Хоббит, или Туда и обратно. Избранные произведения - Толкин Джон Рональд Руэл. Страница 28

   Фили нерешительно подтянул крюк, прицелился — и повторил попытку.

   — Попал! — воскликнул хоббит. — Почти попал, — поправился он. — Теперь перелет. Давай тяни, авось зацепится. Есть! Теперь осторожненько!

   Веревка натянулась, как струна. Сил одного Фили явно не хватало. К нему на помощь пришел сперва Кили, а затем Оин и Глоин. Тащили, тащили — и вдруг все полетели кувырком, когда лодка с плеском вошла в воду. По счастью, Бильбо успел подхватить веревку, подтянул лодку поближе и зацепил ее валявшейся на земле веткой.

   — Пособите же! — позвал он. Балин оказался тут как тут, и вдвоем они подвели лодку к берегу.

    — Ее все же привязали, — сказал гном, разглядывая обрывок шнура на носу. — Славно дернули, ребята! Нам повезло, что наша веревка крепче.

   — Кто первый? — спросил Бильбо.

   — Я, — откликнулся Торин. — Со мной поплывут Фили и Балин. И вы, — прибавил он, посмотрев на хоббита. — Потом Кили, Оин, Глоин и Дори, следом Ори, Нори, Бифур и Бофур. Последними — Двалин и Бомбур.

   — Вечно я последний, — проворчал Бомбур. — Надоело! Почему всегда я?

    — Потому что ты самый толстый. А Двалин легче остальных, поэтому ты поплывешь с ним. И вообще, хватит прекословить! Будешь ворчать, с тобой точно что-нибудь случится.

   — А весел-то нет! — воскликнул Бильбо. — Как же мы поплывем?

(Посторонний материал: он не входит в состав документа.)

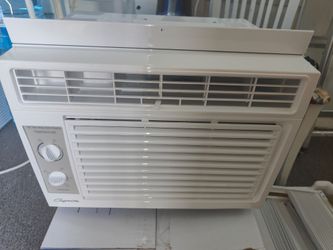 5000 BTU Window AC Air Conditioner Nearly New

    — Дайте мне другую веревку, — попросил Фили. Прицепив крюк и примерившись, он зашвырнул веревку на противоположный берег. Плеска слышно не было, значит, крюк запутался в ветвях. Подергав веревку, Фили сказал: — Садитесь и тяните. А мы потом подтащим лодку обратно, и все дела.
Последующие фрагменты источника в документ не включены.